> Data extracts:
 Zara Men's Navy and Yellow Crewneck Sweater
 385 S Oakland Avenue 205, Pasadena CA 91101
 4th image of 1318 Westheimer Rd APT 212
--
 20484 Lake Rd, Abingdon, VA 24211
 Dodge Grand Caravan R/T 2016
---
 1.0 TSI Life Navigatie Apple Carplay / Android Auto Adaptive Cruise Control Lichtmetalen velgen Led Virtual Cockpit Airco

> Your objective: In the data above, find the line that contains "385 S Oakland Avenue 205, Pasadena CA 91101" and the line that contains "4th image of 1318 Westheimer Rd APT 212". Repeat exactly those lines and every line between them, and only those.

> Response to this task:
 385 S Oakland Avenue 205, Pasadena CA 91101
 4th image of 1318 Westheimer Rd APT 212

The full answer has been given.